Alicia Point's Sturgeon Design

View Transcript

[Alicia Point]: I was born, as Betty would say, Beatrice Alicia Point. My father is Kuya from Chehalis. My mother is Mable Falarty from Kwantlen First Nation. I grew up partly in Chehalis and partly in Fort Langley. And now I’m married and live in Musqueam.

At the end of the 70’s, I lived here with my sister Jennifer Penier and her husband, Butch. They took us in after my mom died. They raised us for a while.

My brother started drawing and painting. I watched them at the kitchen table in Fort Langley and got interested because there was a female artist in the book. And I wanted to try it. So they told me to sit down, gave me a paper and a pen, and I drew one of her designs, Freda Diesing, and I liked it.

I liked painting especially. I like the Coast Salish designs, even though I started drawing West Coast people’s work. Someone told me I should do my own designs. And that kind of scared me, because I didn’t know who I was then. It was a challenge, and I took it upon myself and started putting Coast Salish designs in it.

It goes back to when I was about 9, growing up in Kwantlen, walking in the moonlight with my mom, and I asked her, “What kind of Indian are we? Kids at school are asking.” She pointed at the river, and she was holding my hand, and she pointed and said, “You see that river?”

And I said, “Yep.” And she said, ”You tell them, if anyone asks you who you are, you tell them you are Stó:lō.” And she said it in her Indian way, Halq̓eméylem. And I went, “Stó:lō?” I said, “ What is that?” She said, “It means river. You are a river Indian.” So she says, “You never forget that.” And I said, “Okay.”

So I went to school and told everybody who we were. We were Stó:lō. And I was proud. And I teach my grandchildren now. You are part Stó:lō, and you’re proud.

And the sturgeon design came from my sister Jennifer asking me. She was band manager here in Scowlitz, and she asked, “Have you ever drew a sturgeon design?” And I said, “No, no, I never.” And she said, “You should try it.” So that got put away until around 2000, and I come across a picture in a magazine of these men holding a big sturgeon out of the water in the Fraser River.

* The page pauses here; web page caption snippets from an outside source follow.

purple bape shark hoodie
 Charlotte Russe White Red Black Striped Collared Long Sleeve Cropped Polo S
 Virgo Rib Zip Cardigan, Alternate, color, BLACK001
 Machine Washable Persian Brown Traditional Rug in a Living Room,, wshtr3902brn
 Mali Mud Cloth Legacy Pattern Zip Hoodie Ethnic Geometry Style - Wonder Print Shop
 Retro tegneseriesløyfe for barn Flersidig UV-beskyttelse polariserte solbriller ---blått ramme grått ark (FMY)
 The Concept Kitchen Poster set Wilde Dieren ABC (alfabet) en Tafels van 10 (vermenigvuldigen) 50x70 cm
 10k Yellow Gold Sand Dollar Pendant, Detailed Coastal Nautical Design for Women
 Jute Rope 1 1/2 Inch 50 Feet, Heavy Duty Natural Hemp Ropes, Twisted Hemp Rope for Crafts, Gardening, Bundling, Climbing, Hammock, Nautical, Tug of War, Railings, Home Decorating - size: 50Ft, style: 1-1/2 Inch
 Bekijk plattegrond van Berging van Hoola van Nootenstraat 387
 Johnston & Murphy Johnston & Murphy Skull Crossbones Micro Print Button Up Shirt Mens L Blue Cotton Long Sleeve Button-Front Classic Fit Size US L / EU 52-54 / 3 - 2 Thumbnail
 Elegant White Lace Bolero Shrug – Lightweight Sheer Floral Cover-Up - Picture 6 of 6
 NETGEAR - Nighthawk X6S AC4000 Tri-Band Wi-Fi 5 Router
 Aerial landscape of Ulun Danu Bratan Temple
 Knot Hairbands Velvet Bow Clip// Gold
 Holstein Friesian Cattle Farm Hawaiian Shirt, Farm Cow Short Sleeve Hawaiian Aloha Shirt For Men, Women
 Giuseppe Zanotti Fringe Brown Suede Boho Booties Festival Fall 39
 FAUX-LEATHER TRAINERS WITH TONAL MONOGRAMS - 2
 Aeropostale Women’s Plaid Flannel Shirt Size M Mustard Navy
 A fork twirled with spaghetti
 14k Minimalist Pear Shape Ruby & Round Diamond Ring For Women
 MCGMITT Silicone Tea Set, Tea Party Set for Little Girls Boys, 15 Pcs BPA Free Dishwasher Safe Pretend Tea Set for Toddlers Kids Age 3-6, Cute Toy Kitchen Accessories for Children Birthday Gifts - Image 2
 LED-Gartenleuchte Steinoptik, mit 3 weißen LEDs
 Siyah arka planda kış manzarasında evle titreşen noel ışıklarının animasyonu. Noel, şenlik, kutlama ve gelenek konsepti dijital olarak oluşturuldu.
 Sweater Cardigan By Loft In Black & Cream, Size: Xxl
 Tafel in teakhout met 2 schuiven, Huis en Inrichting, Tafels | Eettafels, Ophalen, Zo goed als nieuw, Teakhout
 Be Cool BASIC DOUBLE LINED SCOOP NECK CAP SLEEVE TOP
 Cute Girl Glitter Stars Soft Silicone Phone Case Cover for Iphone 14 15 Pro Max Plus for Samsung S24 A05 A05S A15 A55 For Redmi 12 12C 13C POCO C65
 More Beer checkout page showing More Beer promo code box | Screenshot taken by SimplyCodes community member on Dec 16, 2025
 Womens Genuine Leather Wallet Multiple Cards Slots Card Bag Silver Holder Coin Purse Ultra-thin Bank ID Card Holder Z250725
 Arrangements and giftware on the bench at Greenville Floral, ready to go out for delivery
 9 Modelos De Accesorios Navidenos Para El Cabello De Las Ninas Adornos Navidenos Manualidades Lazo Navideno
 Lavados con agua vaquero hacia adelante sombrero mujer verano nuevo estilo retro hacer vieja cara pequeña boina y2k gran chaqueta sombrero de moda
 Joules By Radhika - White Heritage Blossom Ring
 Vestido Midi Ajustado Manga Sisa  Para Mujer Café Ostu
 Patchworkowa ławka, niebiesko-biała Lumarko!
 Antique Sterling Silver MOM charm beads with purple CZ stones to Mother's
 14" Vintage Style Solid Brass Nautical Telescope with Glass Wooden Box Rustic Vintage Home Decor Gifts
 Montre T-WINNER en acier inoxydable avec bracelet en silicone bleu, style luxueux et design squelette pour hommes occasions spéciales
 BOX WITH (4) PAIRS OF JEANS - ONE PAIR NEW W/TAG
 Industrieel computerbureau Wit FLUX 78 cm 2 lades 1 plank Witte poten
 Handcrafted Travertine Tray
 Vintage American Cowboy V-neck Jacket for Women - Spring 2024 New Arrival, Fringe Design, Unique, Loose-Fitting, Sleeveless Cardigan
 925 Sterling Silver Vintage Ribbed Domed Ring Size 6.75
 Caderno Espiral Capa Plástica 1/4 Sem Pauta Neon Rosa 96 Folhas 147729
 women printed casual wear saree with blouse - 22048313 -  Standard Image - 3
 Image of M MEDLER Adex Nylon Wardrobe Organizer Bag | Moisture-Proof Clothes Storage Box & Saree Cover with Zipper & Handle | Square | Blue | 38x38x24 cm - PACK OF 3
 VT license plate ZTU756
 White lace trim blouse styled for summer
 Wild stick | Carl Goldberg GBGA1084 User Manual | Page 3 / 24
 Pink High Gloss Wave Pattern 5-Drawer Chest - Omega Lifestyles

And I said “Oh, my god, that’s beautiful!” I cut it out, kept it in my studio. Kept doing my work, and I kept looking at that sturgeon going, “God, I should draw it. I should draw a design.” And my sister passed away, and I never forgot. And I said, “I’m going to draw a design.” I did it in a few hours in my studio. And I showed my husband after work. And he couldn’t believe it. He loved it. And I was happy. And I painted it on canvas, and it hung in my studio for a few years until Betty and Clifford mentioned to you guys to come and see.

I’m glad that it came to this, to Scowlitz. I didn’t want to do just one sturgeon, like, just one design. I saw the canvases that are long, and I thought I would do two sturgeons facing each other. That connects with Scowlitz.

Now my grandchildren go to high school and they go on their little phones so fast, and now they can view the site. I wish Jenny was here so I could share that with her and give her a hug.